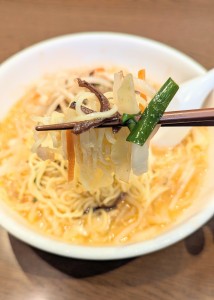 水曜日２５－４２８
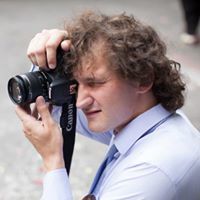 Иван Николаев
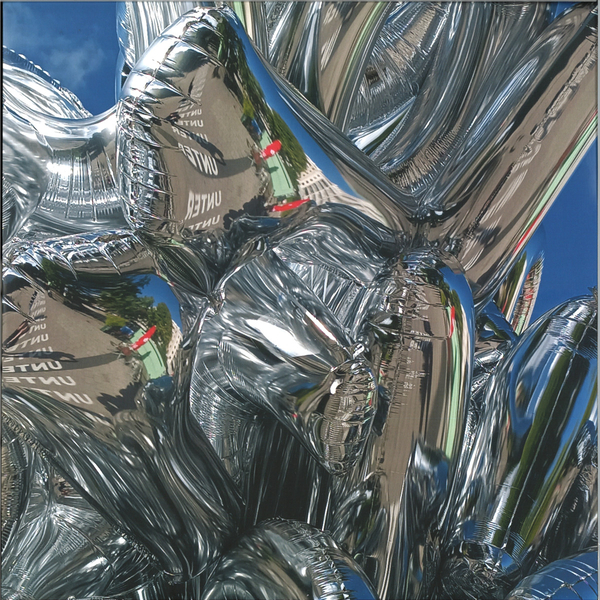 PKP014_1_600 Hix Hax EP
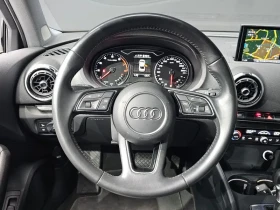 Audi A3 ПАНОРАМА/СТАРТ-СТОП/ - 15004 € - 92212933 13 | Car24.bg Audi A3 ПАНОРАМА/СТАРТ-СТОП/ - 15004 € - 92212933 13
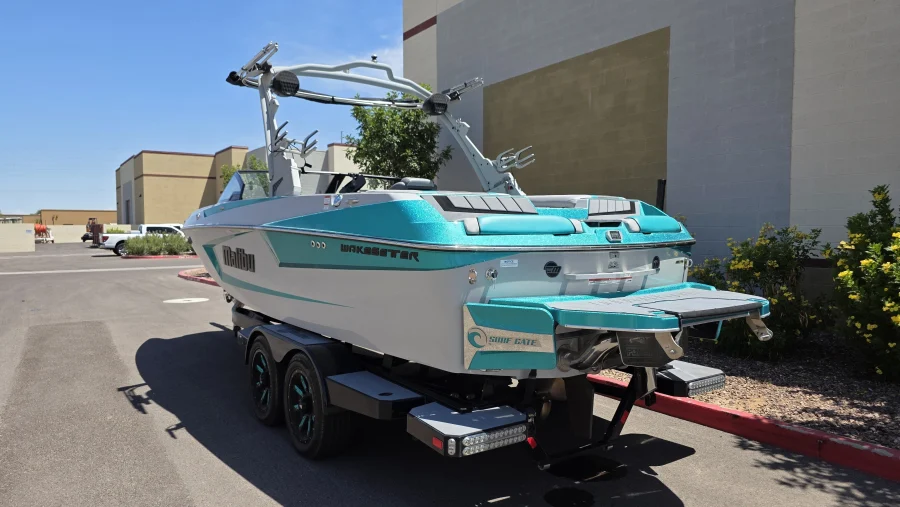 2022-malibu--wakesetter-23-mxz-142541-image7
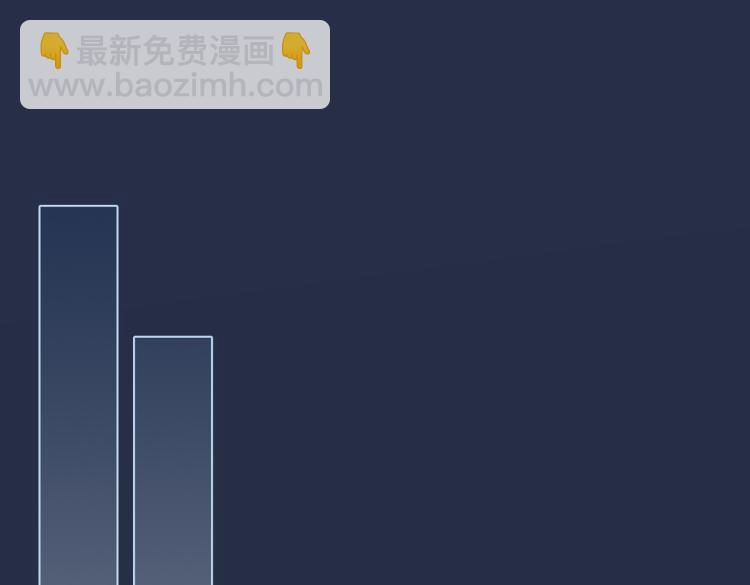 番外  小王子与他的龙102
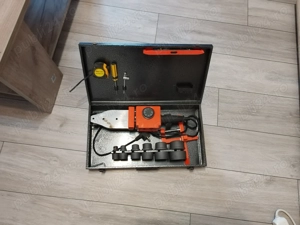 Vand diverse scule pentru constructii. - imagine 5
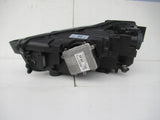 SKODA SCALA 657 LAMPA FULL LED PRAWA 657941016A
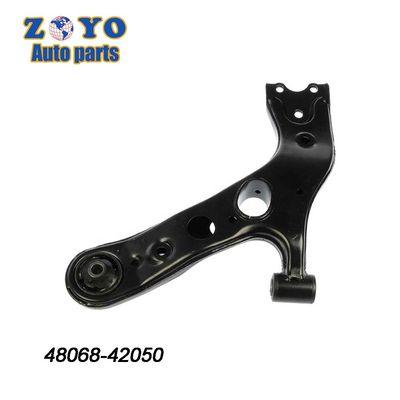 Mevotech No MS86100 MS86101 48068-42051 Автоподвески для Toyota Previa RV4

◆ ◆ ◆ ◆

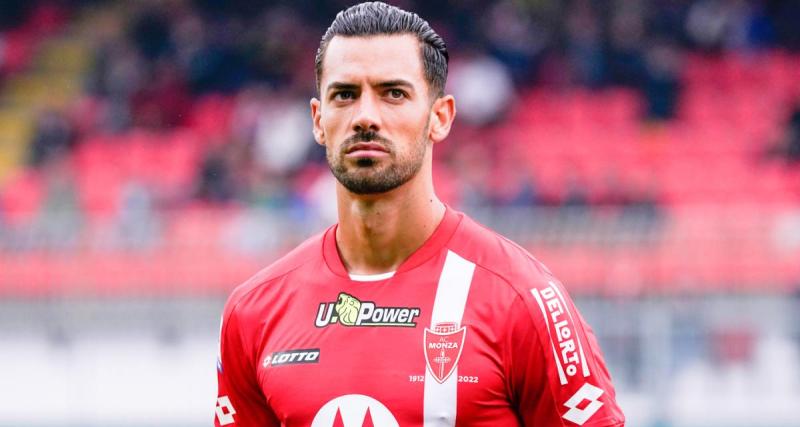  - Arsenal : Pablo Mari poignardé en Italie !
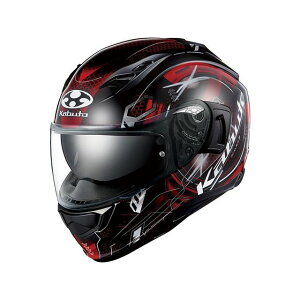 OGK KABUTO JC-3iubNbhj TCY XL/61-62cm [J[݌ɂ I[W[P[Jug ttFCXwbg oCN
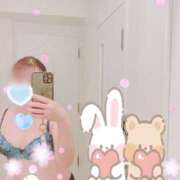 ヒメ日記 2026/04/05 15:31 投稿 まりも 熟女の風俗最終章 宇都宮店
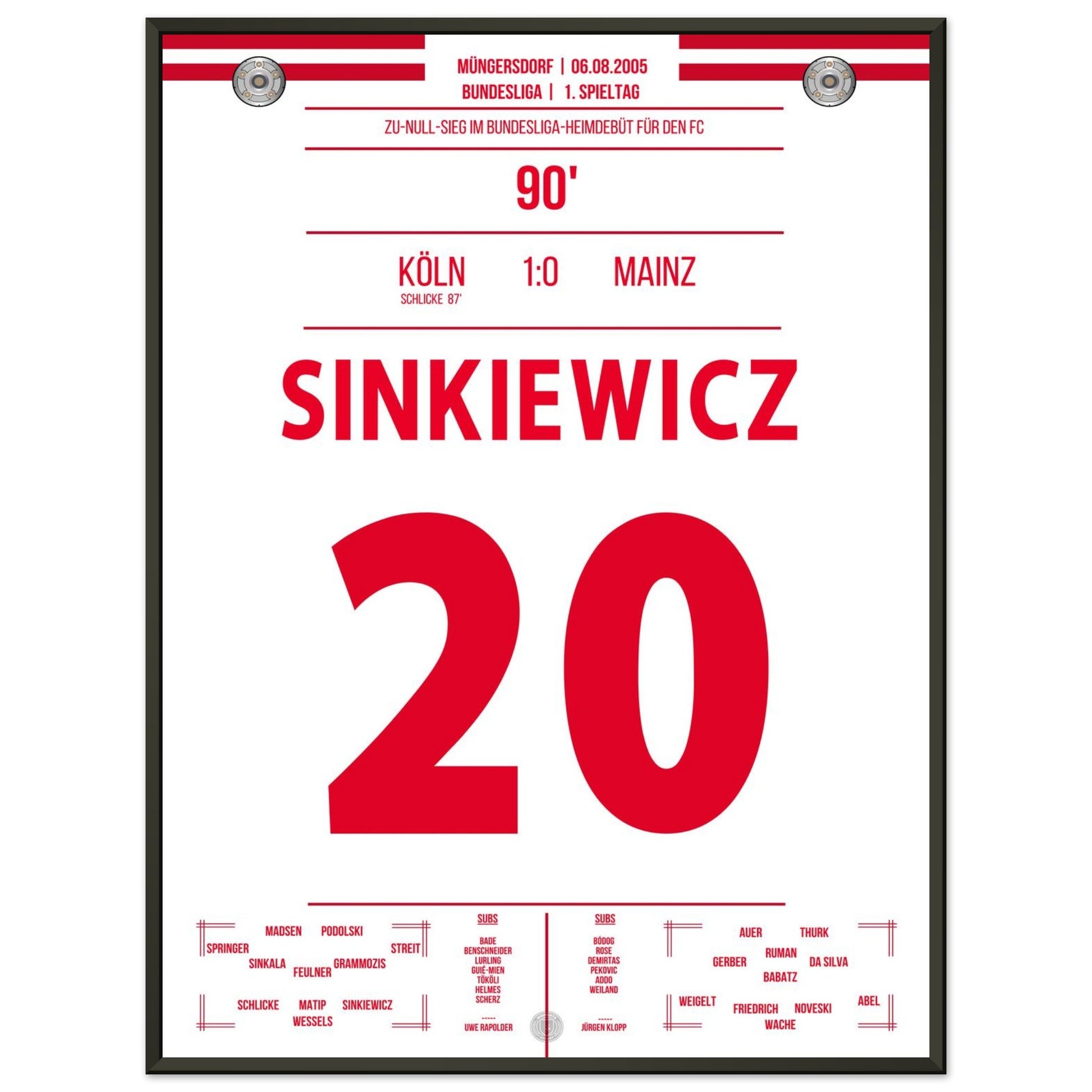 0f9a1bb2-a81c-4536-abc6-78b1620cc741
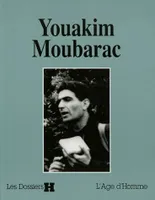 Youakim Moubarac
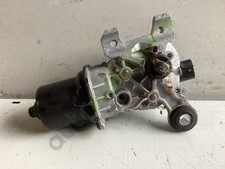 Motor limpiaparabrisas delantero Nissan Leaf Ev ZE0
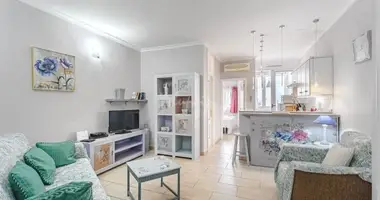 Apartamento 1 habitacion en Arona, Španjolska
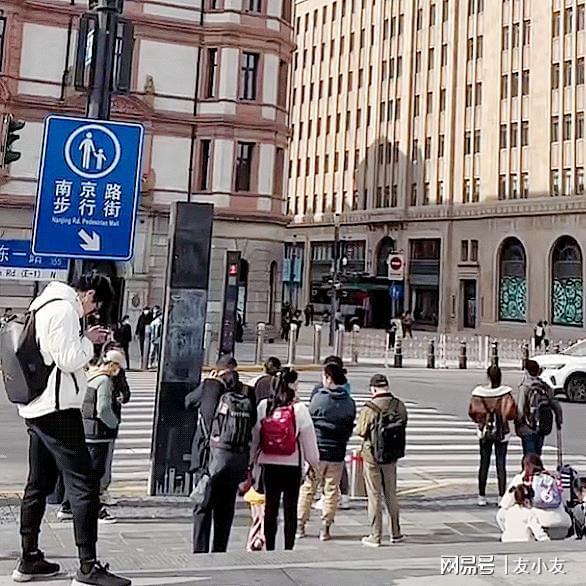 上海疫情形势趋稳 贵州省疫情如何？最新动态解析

◆ ◆ ◆ ◆

Problem description:
Your answer must be everything above from the line with "SKODA SCALA 657" down to the line with "Mevotech No MS86100", word for word, and no pictures.

Answer space:
 SKODA SCALA 657 LAMPA FULL LED PRAWA 657941016A
 Mevotech No MS86100 MS86101 48068-42051 Автоподвески для Toyota Previa RV4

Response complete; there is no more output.